**About this task**
The expected answer is the set of lines in the data below between the line holding "2021 Mercedes-Benz C-Class" and the line holding "เปิดห้องลับ เมฆ รามา", inclusive, written out exactly.

+ + + + +

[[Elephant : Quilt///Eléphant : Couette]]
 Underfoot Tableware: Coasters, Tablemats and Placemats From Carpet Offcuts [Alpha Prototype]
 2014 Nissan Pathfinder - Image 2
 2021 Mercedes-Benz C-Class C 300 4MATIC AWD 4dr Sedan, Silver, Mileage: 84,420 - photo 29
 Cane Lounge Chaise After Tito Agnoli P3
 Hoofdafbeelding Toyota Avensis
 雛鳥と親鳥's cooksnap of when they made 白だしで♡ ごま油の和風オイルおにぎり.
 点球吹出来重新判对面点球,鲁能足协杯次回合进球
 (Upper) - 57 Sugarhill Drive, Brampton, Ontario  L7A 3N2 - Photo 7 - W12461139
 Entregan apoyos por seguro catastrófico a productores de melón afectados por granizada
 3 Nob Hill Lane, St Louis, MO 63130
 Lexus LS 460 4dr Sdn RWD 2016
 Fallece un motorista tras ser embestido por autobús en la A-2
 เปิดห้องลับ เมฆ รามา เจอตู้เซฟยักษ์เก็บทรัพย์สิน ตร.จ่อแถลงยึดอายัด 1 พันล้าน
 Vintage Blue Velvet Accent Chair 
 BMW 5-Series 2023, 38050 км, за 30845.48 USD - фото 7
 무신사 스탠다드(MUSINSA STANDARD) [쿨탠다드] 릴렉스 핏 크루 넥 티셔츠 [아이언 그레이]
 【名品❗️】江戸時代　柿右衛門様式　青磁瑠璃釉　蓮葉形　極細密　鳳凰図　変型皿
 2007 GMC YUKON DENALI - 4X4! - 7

+ + + + +

**Answer space**
 2021 Mercedes-Benz C-Class C 300 4MATIC AWD 4dr Sedan, Silver, Mileage: 84,420 - photo 29
 Cane Lounge Chaise After Tito Agnoli P3
 Hoofdafbeelding Toyota Avensis
 雛鳥と親鳥's cooksnap of when they made 白だしで♡ ごま油の和風オイルおにぎり.
 点球吹出来重新判对面点球,鲁能足协杯次回合进球
 (Upper) - 57 Sugarhill Drive, Brampton, Ontario  L7A 3N2 - Photo 7 - W12461139
 Entregan apoyos por seguro catastrófico a productores de melón afectados por granizada
 3 Nob Hill Lane, St Louis, MO 63130
 Lexus LS 460 4dr Sdn RWD 2016
 Fallece un motorista tras ser embestido por autobús en la A-2
 เปิดห้องลับ เมฆ รามา เจอตู้เซฟยักษ์เก็บทรัพย์สิน ตร.จ่อแถลงยึดอายัด 1 พันล้าน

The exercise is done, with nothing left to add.